Ford Will Replace the Entire Engine on 1,536 New Explorers, Rangers, and Broncos
Recall 26S35 covers 2025–2026 Explorer, Ranger, and Bronco engines that can fail outright. Ford already mailed a warning letter — but the fix, a full engine long-block replacement, isn't ready until November.
Here’s the short version: Ford is recalling some of its newest Explorers, Rangers, and Broncos because the engine can fail outright — and the remedy isn’t a sensor or a software flash, it’s a brand-new engine. Ford has already mailed owners a letter warning them the engine might fail. The letter telling them how to actually get it fixed won’t come until the fall.
The defect, in plain English
The recall — NHTSA campaign 26V343000, Ford’s own number 26S35 — covers 2025–2026 Ford Explorer, Ranger, and Bronco vehicles. NHTSA’s filing doesn’t soften it: “The engine may fail, which can result in a loss of drive power.” An engine that quits on the highway is an engine that can leave you without power in traffic, which is exactly why NHTSA treats this as a crash risk rather than an inconvenience.
The remedy tells you how serious Ford considers it. Dealers won’t adjust or reflash anything — they’ll replace the engine long block: the core of the engine, including the block, crankshaft, pistons, connecting rods, bearings, and cylinder heads. You don’t swap a long block for a minor fault. That’s the repair you reach for when the internal hard parts are the problem.
A small, targeted recall — which is itself the clue
Only 1,536 vehicles are affected. That’s tiny for three high-volume nameplates, and the small number is the tell: this isn’t a flaw across the whole model line, it’s almost certainly a specific bad batch — a defined run of engines that left the plant with something wrong inside. If your VIN isn’t on the list, your vehicle isn’t part of this. If it is, the issue is internal and mechanical — not something you can baby your way around with careful driving.
The gap that should worry owners
Here’s the part worth flagging.

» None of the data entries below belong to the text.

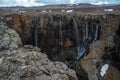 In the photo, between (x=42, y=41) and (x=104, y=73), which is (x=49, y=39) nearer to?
→ (x=42, y=41)

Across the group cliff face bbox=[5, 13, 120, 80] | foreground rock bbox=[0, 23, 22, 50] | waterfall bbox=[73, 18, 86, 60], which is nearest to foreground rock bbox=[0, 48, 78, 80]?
foreground rock bbox=[0, 23, 22, 50]

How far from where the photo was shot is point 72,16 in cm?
5150

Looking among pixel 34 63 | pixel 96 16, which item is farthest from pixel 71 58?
pixel 34 63

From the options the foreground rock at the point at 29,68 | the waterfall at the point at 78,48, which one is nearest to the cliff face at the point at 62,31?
the waterfall at the point at 78,48

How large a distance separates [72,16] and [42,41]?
8081mm

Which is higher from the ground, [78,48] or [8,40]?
[8,40]

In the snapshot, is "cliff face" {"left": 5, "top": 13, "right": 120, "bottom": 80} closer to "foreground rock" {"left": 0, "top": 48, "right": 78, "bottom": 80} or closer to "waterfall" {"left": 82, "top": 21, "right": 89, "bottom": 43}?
"waterfall" {"left": 82, "top": 21, "right": 89, "bottom": 43}

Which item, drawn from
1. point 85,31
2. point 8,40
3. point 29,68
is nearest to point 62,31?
point 85,31

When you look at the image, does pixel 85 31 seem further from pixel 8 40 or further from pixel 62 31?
pixel 8 40

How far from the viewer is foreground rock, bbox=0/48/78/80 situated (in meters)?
24.9

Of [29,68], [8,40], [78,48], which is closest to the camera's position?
[29,68]

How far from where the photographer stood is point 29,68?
26562 millimetres

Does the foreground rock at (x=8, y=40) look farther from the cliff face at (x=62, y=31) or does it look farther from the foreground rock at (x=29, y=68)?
the cliff face at (x=62, y=31)

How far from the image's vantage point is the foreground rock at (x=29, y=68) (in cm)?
2493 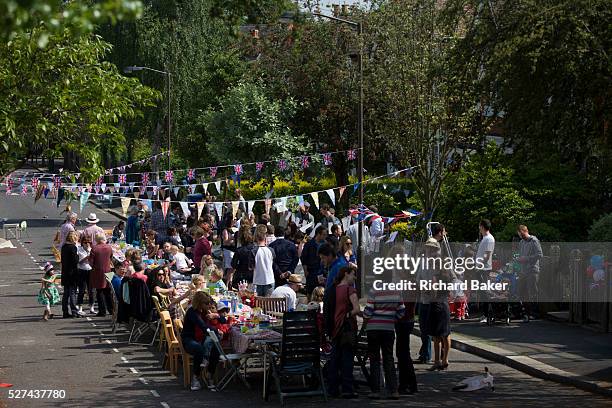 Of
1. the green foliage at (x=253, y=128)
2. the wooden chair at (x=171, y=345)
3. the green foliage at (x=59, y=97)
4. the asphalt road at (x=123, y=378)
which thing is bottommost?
the asphalt road at (x=123, y=378)

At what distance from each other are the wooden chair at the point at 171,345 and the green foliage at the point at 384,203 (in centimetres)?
2123

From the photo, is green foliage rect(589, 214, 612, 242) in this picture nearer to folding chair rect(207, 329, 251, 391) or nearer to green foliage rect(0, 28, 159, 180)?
folding chair rect(207, 329, 251, 391)

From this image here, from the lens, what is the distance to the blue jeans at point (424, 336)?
16.4 m

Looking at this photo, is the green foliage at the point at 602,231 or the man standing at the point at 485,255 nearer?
the man standing at the point at 485,255

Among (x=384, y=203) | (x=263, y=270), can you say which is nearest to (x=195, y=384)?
(x=263, y=270)

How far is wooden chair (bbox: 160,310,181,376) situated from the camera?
52.1ft

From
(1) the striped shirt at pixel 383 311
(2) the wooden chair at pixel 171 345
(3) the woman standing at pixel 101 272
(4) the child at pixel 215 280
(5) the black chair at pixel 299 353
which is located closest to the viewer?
(5) the black chair at pixel 299 353

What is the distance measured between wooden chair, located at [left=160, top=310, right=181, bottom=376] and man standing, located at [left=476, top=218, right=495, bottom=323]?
21.4 feet

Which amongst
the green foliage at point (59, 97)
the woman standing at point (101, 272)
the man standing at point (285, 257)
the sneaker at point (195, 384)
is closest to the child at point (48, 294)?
the woman standing at point (101, 272)

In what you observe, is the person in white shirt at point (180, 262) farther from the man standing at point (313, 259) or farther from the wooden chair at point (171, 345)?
the wooden chair at point (171, 345)

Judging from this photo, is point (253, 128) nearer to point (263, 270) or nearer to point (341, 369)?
point (263, 270)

Ford mailed interim letters on June 5, 2026 — letters whose entire purpose is to warn owners of the safety risk. But the actual repair isn’t expected to be available until November 2026. So for roughly five months, affected owners have been told, in writing, that their engine might fail and cut power — with no fix yet to schedule.
We’ve now seen this shape twice in a month. Toyota’s V35A Tundra engine has been under recall for the same class of internal failure with the remedy “still under development.” Now Ford is sending interim safety warnings months ahead of a repair. A recall is supposed to be an admission and a fix. Increasingly, the admission shows up long before the fix does.
What to do if you own one
- Run your VIN — against Ford’s recall lookup and NHTSA’s. If you’re in 26S35, you’re in the population; if not, this one isn’t yours.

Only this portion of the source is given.